BB: My dad worked in Matamoros, Mexico, so we often crossed the border. One of the mainstays of our tours was Salvador, a jewelry store that has been in business for over fifty years. The founder was a jeweler who created most of the pieces himself, and when he passed away his daughter continued to run the shop. Many of the pieces I bought ânewâ when I was a teenager in the 80s were vintage â but never worn â designs from the 50s and 60s â which were still part of Salvador’s inventory. It was more than a jewelry store; it was a family business and very personal. That’s where my sister and I got our ears pierced.

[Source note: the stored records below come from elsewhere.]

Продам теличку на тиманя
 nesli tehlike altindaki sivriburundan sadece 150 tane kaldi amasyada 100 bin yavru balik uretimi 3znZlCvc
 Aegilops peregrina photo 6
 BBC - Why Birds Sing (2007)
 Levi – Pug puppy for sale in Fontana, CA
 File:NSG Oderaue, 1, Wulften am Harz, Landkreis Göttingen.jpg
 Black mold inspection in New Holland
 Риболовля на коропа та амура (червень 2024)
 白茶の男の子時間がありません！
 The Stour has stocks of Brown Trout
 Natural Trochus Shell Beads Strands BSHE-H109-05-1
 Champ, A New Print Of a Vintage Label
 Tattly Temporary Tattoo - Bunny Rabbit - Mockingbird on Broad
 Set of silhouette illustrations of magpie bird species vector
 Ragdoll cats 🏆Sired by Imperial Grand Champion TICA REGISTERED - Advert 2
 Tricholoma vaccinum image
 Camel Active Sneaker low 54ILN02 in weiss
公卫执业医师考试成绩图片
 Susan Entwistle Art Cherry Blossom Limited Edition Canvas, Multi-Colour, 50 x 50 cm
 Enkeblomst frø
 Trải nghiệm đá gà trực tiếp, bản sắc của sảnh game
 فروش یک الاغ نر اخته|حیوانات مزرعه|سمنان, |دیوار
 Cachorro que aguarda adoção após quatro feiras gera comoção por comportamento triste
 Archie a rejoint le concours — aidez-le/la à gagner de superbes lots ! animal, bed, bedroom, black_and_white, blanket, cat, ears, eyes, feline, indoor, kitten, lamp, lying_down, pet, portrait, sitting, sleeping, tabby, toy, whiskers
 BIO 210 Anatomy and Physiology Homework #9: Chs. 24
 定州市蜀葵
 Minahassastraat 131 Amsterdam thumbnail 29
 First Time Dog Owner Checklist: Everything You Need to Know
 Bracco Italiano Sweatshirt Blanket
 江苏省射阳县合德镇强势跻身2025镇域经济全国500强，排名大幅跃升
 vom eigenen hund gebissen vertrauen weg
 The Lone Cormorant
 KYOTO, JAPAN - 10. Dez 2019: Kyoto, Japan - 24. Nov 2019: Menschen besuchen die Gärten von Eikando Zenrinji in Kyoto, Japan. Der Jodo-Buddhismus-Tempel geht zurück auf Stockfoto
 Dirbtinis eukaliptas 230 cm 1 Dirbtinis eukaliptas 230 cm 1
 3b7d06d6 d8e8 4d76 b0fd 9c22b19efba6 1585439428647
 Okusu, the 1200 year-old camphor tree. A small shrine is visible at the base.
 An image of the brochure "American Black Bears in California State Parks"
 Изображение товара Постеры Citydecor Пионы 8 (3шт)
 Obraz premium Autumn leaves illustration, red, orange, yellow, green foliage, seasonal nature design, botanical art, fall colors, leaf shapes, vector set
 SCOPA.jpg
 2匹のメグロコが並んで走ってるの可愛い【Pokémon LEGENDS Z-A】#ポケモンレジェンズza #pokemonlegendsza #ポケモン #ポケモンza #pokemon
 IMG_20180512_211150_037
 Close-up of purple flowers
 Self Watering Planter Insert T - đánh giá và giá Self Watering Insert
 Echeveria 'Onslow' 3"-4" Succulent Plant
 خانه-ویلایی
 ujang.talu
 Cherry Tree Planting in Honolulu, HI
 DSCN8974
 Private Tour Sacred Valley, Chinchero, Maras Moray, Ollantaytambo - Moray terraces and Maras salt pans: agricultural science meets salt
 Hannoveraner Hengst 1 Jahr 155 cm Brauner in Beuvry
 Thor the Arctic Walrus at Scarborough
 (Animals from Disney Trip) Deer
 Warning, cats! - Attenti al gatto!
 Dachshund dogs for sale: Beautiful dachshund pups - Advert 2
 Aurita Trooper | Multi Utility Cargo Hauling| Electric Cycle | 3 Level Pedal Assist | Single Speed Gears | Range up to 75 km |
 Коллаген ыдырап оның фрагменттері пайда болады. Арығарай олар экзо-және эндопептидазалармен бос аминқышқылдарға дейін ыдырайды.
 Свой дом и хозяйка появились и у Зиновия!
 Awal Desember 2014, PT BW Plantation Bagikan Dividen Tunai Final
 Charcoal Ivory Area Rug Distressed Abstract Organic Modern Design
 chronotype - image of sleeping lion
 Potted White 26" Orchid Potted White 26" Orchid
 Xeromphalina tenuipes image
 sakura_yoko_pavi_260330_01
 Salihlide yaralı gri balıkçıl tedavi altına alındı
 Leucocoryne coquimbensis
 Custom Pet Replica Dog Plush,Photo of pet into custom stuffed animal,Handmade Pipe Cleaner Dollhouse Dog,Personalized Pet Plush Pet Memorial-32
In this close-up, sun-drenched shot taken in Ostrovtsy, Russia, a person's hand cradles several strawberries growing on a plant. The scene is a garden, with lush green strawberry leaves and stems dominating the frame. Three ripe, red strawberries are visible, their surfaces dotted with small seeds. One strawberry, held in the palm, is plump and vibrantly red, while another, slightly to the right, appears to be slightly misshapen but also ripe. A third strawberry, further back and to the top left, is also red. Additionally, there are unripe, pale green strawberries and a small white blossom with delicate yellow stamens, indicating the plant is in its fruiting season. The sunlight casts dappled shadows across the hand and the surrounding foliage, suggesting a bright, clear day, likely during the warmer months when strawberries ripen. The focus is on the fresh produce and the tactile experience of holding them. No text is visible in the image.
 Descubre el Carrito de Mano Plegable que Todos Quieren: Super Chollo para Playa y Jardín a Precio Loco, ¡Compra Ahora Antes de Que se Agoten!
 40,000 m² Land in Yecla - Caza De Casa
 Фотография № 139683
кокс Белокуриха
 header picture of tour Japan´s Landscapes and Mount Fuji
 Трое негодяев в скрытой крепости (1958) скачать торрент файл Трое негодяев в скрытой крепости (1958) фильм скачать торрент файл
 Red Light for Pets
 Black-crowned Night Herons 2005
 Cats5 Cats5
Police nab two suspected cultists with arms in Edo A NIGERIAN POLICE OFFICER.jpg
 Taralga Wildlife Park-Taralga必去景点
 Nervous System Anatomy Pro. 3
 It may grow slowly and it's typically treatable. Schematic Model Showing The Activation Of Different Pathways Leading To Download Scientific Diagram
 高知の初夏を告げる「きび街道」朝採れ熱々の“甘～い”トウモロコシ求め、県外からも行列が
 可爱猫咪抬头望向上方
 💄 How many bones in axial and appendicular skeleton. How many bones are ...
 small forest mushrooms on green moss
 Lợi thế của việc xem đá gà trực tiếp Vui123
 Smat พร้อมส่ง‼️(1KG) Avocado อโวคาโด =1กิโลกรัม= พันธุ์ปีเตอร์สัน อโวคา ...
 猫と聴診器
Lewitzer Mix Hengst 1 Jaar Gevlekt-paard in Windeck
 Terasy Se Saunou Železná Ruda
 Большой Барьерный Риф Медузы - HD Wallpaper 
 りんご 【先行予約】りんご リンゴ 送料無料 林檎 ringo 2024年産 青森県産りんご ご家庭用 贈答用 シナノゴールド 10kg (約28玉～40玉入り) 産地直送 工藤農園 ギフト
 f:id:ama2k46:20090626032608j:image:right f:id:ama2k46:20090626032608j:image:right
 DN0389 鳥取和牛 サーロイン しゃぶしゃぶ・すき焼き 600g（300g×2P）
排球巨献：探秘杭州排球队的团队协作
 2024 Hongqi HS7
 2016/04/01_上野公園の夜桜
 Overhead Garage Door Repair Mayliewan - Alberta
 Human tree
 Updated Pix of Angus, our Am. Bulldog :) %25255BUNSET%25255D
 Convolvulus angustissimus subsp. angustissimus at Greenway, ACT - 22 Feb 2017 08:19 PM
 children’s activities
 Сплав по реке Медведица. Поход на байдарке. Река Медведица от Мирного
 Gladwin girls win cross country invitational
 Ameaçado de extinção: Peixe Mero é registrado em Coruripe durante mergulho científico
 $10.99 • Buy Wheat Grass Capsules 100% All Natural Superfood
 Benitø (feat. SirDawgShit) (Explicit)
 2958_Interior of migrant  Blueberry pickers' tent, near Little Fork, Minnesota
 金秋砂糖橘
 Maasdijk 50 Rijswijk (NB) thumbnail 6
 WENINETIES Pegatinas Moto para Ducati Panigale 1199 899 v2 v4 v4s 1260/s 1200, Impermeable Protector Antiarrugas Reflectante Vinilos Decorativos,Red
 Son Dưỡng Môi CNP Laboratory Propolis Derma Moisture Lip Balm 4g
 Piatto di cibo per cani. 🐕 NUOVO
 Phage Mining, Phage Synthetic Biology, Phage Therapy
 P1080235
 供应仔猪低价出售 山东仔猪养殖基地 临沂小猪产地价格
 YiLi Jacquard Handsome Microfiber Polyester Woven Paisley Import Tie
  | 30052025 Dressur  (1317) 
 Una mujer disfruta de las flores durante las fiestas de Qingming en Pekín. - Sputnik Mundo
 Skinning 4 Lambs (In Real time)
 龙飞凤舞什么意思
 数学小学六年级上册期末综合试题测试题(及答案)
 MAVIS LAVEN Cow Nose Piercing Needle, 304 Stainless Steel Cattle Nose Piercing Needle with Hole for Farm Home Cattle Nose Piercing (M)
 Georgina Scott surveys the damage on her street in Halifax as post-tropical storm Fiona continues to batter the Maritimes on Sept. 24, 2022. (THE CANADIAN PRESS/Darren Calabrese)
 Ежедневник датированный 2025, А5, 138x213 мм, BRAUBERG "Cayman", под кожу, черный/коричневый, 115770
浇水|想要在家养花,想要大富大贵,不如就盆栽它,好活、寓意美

TM: Whether it’s a locket, bracelet or signet ring, your collection is highly symbolic, with symbols of protection, integrity, karma and resilience, to name a few. -ones. Why do you think the symbolism behind Foundrae’s pieces has touched customers so deeply?
BB: My connection to symbolism has always been there. Symbols help convey our innate desire for growth and self-expression; many of the symbols we use date back thousands of years. But I think they particularly resonate right now because it’s a time of transition, which makes people think more. In transition, people are more motivated to find what speaks to them and what fulfills them, to better align with their life purpose.
TM: For many, wearing Foundrae’s modern heirlooms can help people “adapt” to life’s challenges. Can you elaborate?
BB: The symbols serve as reminders that everything you want is already inside of you. Too often we rush through our days, checking off our tasks, and fail to reflect on what is truly important to us. The medallions you choose to represent who you are remind us of our purpose and help inspire our next chapters. I want people to feel connected and empowered, to realize that they are not alone in their desire to live a more meaningful and fulfilling life, but also that they are completely empowered to create this for themselves.
TM: What symbols do you like right now?
BB: For the past year and a half, I’ve been concentrating on symbols in threes. We shared “Mind Body Soul”, a new symbol of wholeness [a medallion depicting three rays of light and three stages of the moon]. It is rich in symbolism and inspiration. The beauty of symbols and images is that their meanings are layered: one image can say what it takes a thousand words to describe. The three stages of the moon represent time, but since lunar energy is considered feminine, it also represents three stages of life: maiden, mother, elder. Traditionally, people say âoldâ instead of âelder,â but unfortunately the old woman has so much negativity associated with her. Instead, I want people to recognize that being called an elder is an honorary title, a title we all aspire to have and respect. It is a privilege to be an alumnus, but also a responsibility as alumni pass on incredibly valuable information and experience to the next generation. The three paths that lead to the three stages of the moon are paths of ascension. I see them as representing âmind, body, soul,â which are aspects of our lives that we need to move forward simultaneously in order to achieve wholeness. All of this can seem really daunting, and then you see the “elder” moon and remember that our mothers’ mothers have all climbed these paths before us, in much more difficult conditions.
TM: You recently collaborated with the famous Italian ceramist Laboratorio Paravicini on a new collection of homeware and tableware. How did it happen?
BB: Costanza Paravicini is the founder, and when she found out that we were planning to visit Positano, a part of Italy we had never seen before, she immediately recommended that we stay at the hotel owned by her sister and brother-in-law, Le Sirenuse. . The trip was steeped in history and natural beauty. It was very humbling and reminded me that the world is so big and how much I have never seen. This feeling of respect translates into new pieces.